(Brief descriptive captions)
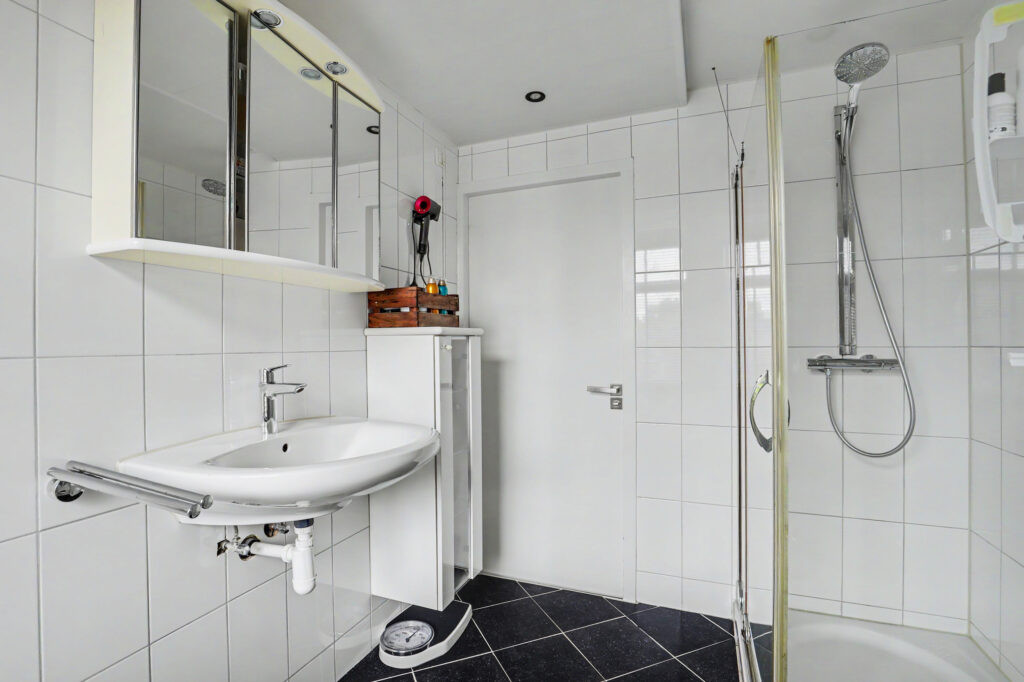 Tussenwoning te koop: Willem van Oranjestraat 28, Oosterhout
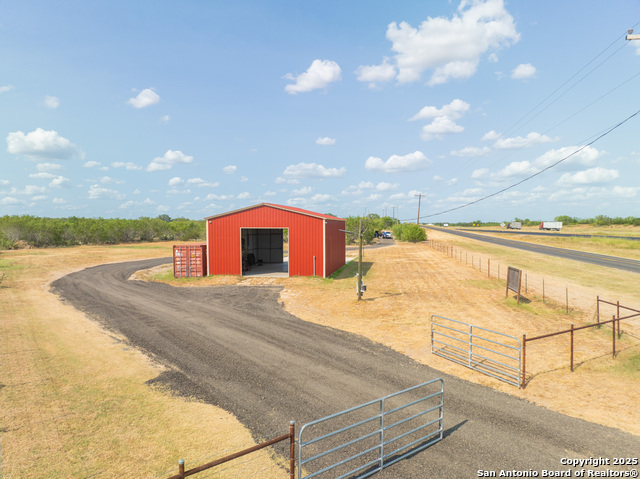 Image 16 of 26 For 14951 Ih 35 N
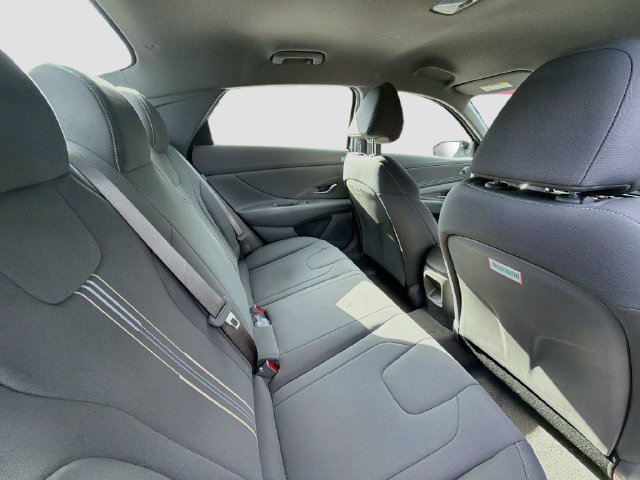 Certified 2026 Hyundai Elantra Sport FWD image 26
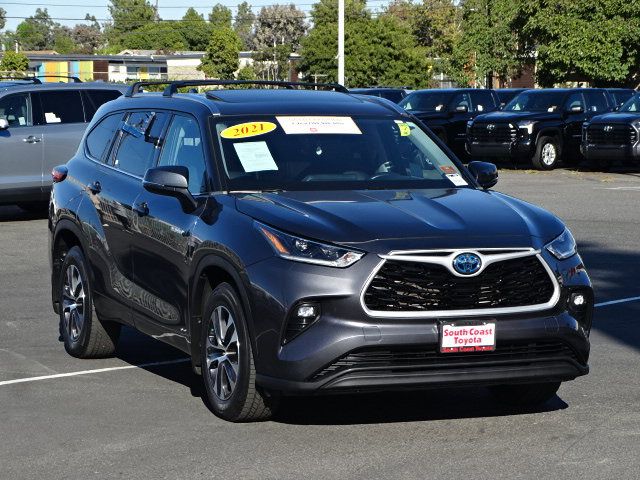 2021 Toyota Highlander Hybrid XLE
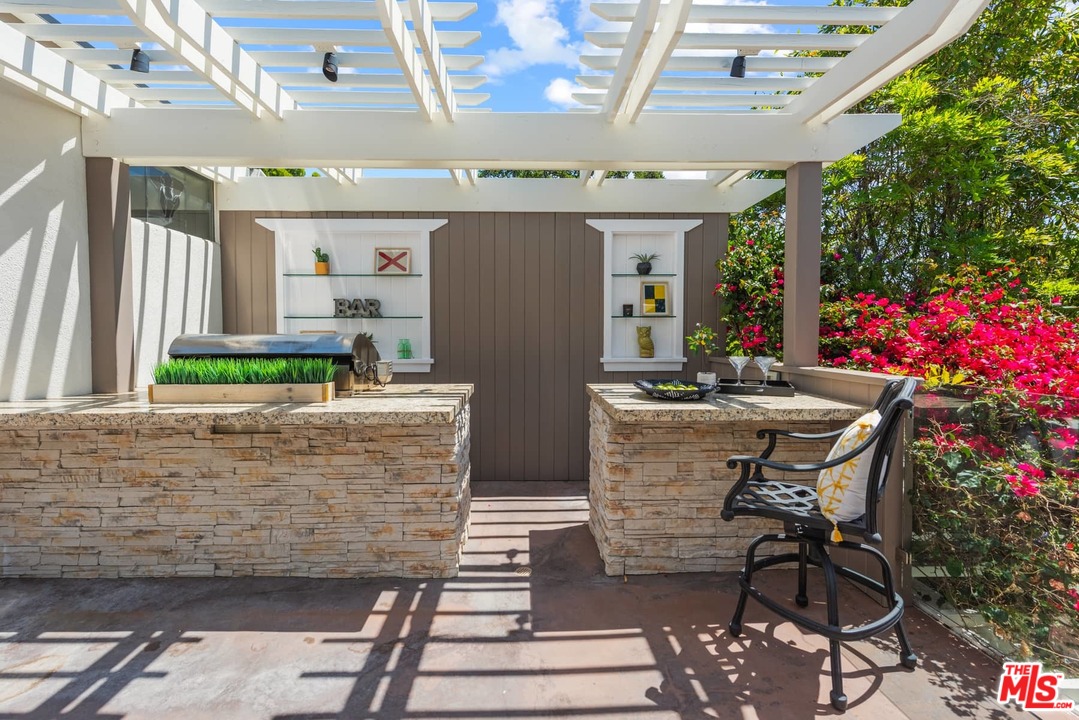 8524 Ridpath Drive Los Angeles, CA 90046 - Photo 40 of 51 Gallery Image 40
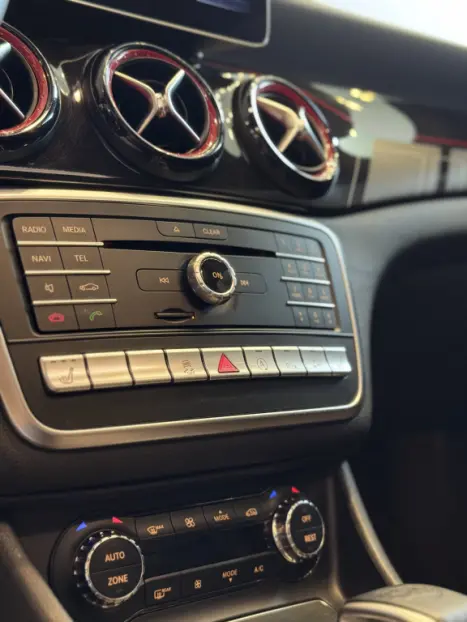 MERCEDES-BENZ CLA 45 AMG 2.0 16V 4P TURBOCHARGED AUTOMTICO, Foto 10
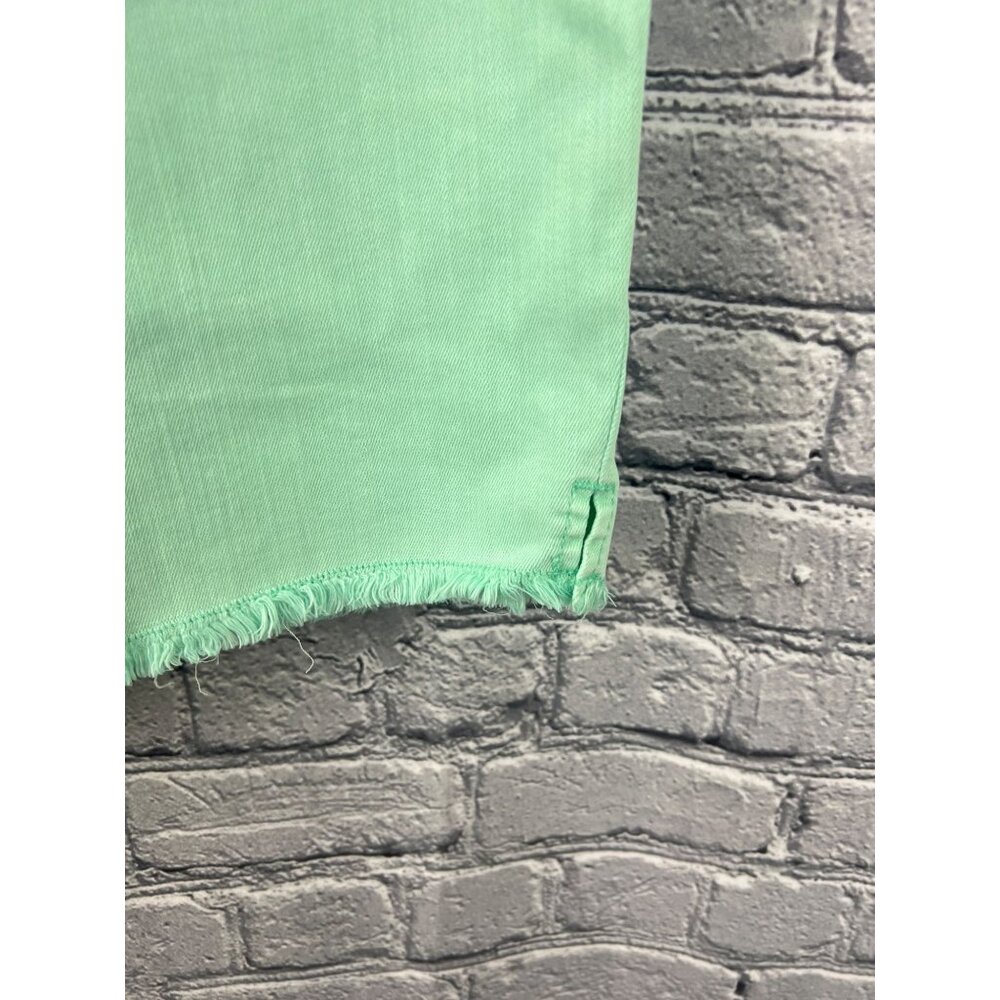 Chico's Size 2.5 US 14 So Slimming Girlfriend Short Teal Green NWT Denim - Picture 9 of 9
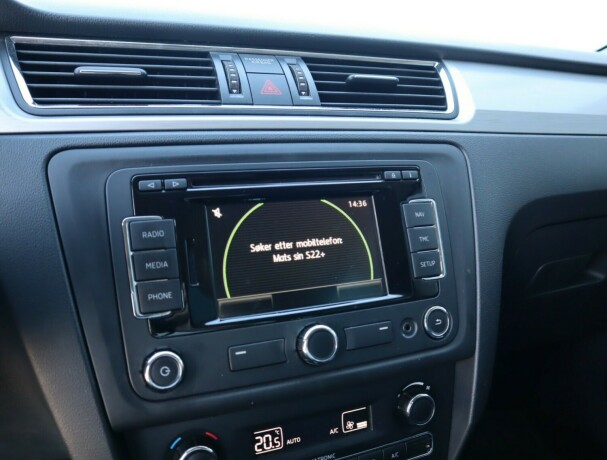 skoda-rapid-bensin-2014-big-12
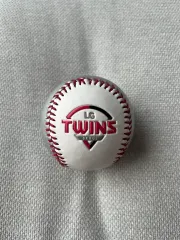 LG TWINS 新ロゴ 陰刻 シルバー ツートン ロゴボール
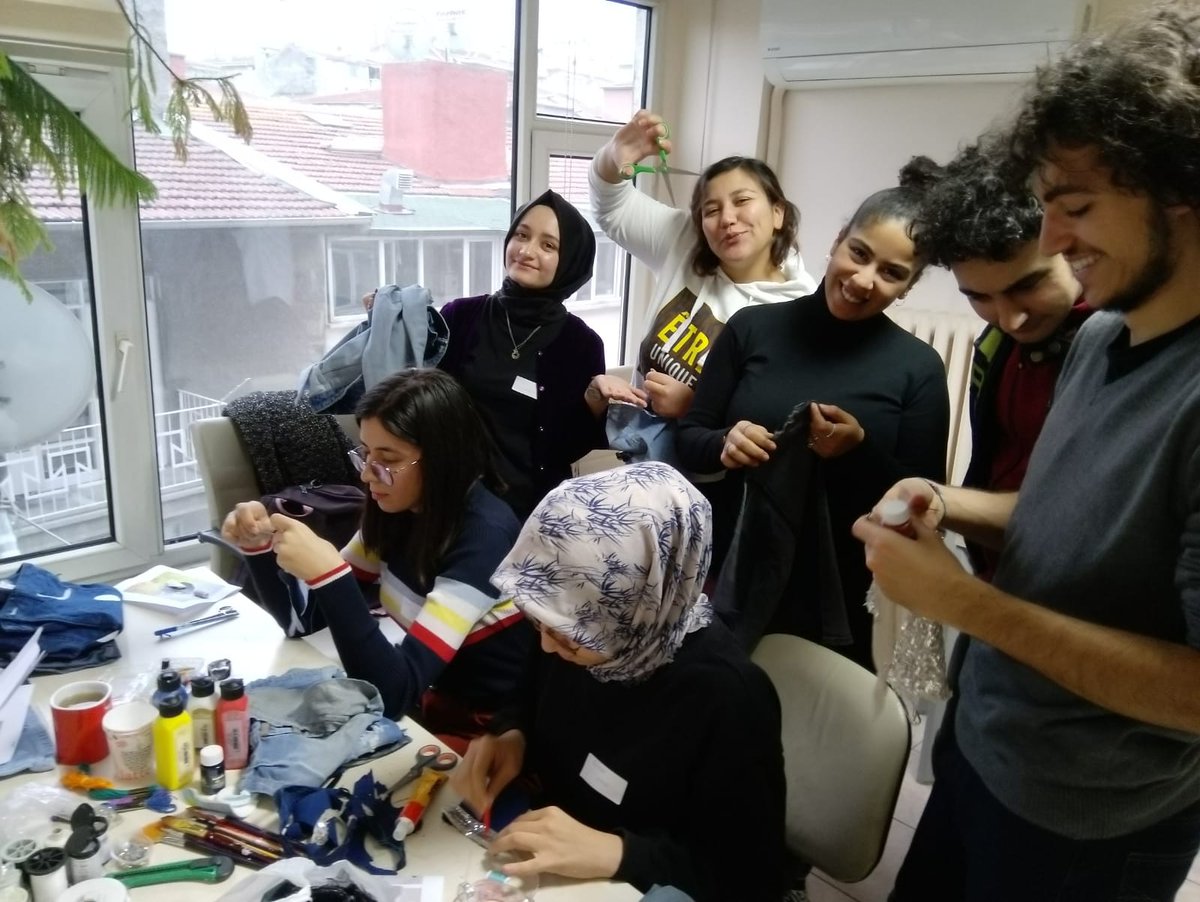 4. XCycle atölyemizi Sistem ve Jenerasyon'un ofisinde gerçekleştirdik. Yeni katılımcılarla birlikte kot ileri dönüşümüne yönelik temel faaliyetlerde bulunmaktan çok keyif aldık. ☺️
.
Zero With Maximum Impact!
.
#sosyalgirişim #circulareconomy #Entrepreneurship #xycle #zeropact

• Work to be completed
Repeat exactly the lines from the first line of the records above through the line containing "MERCEDES-BENZ CLA 45", leaving out the pictures.

• Result for this task
 Tussenwoning te koop: Willem van Oranjestraat 28, Oosterhout
 Image 16 of 26 For 14951 Ih 35 N
 Certified 2026 Hyundai Elantra Sport FWD image 26
 2021 Toyota Highlander Hybrid XLE
 8524 Ridpath Drive Los Angeles, CA 90046 - Photo 40 of 51 Gallery Image 40
 MERCEDES-BENZ CLA 45 AMG 2.0 16V 4P TURBOCHARGED AUTOMTICO, Foto 10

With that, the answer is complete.